Eliminativist: Then you aren’t trying hard enough. For I share your intuitions when I reflect on my immediate experiences, yet I’ve successfully deferred to science and philosophy in a way that blocks these semblances before they can mutate into beliefs. It can be done.
Dualist: It can be done. But should it? From my perspective, you’ve talked yourself into a lunatic position by reasoning only in impersonal, third-person terms. You’ve forgotten that the empirical evidence includes not only the history of science, but also your own conscious states. To me it appears that you’ve fallen into the error of the behaviorists, denying a mental state (phenomenal consciousness) just because it doesn’t fit neatly into a specific invented set of epistemological social standards. No matter how much I’d love to join you in asserting a theory as elegant and simple as physicalism, I can’t bring myself to do so when it comes at the cost of denying the manifest.
… and the discussion continues from there. I don’t think either position is meaningless. Claims like ‘nothing exists’ aren’t meaningless just because agents like us couldn’t confirm them if they were true; they’re meaningful and false. And it’s certainly conceivable that if the above discussion continued long enough, a consensus could be reached, simply by continuing to debate the extent to which science undermines phenomenology.
This is an excellent and fair summary of the debate. I think the one aspect it leaves out is that eliminativists differ from dualists in that they have internalized Quine’s lessons about how we can always revise our conceptual schemes. I elaborated on this long ago in this post at my old blog.
our concepts change and evolve with the growth of scientific knowledge; what is concievable now may become unconcievable later and vice-versa. Concepts are just tools for describing the world, and we can change them and reform them if we need to. This picture of science, familiar since Quine, is pressupposed by Dennett, but implicitly rejected by Chalmers.
I’m pretty confident Chalmers would disagree with this characterization. Chalmers accepts that our concepts can change, and he accepts that if zombies fall short of ideal conceivability — conceivability for a mind that perfectly understands the phenomena in question — then dualism will be refuted. That’s why the Mary’s Room thought experiment is about an ideally extrapolated reasoner. The weakness of such a thought experiment is, of course, that we may fail to accurately simulate an ideally extrapolated reasoner; but the strength is that this idealization has metaphysical significance in a way that mere failure of contemporary imagination doesn’t.
It may provide a fundamental theory or a list of them but not a list of fundamental entities the world is made of with a list of contingent laws of nature holding between them. What an entity such like the electromagnetic field is, is defined by what laws of nature it obeys and therefore by its relations with other entities.
If contemporary science’s best theory posits fundamental entities, then contemporary science posits fundamental entities. Science is not across-the-board ontologically agnostic or deflationary.
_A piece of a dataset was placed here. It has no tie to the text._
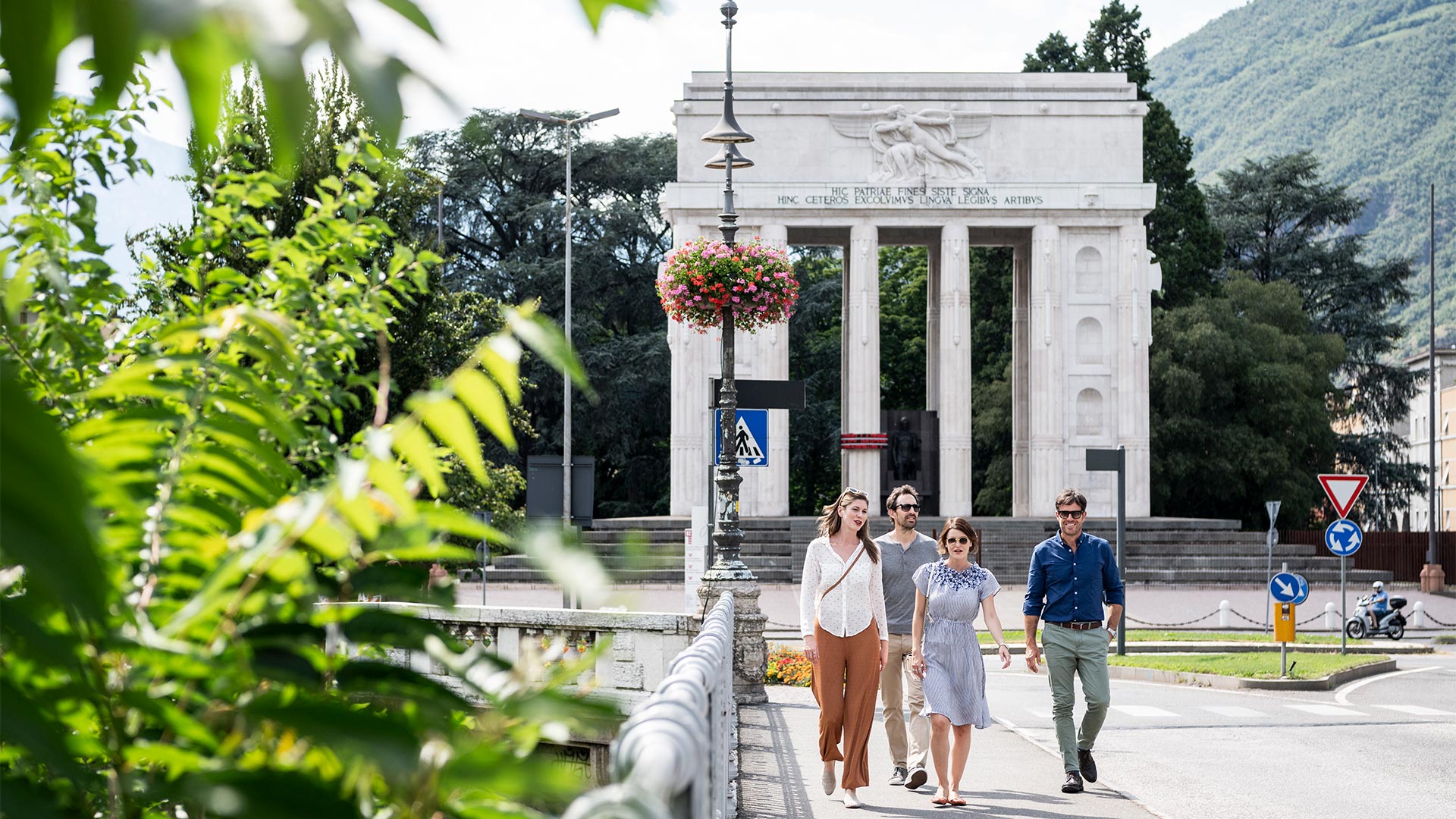 A group of friends has already passed Piazza Vittoria and is about to cross the Talvera Bridge.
Unless I’m misunderstanding you, your claim that a physical theory is equivalent to its Ramsey sentence is a rather different topic. I think Chalmers would respond that although this may be true for physical theories at the moment, it’s a contingent, empirical truth — we happen to have discovered that we don’t need to perform any ostensive acts, for instance, in fixing the meanings of our physical terms. If science discovered an exception to this generalization, science would not perish; it would just slightly complicate the set of linguistic rituals it currently uses to clarify what it’s taking about.
But this shows that all the zombie arguments are question-begging, because to carry any force they must assume that there is something very special about consciousness that distinguishes it from other subjects for science in the first place.
This isn’t an assumption. It’s an inference from the empirical character of introspection. That is, it has a defeasible (quasi-)perceptual basis. Many eliminativists want it to be the case that dualists are question-begging when they treat introspective evidence as evidence, but introspective evidence is evidence. Chalmers does not take it as axiomatic, prior to examining the way his stream of consciousness actually looks, that there is a special class of phenomenal concepts.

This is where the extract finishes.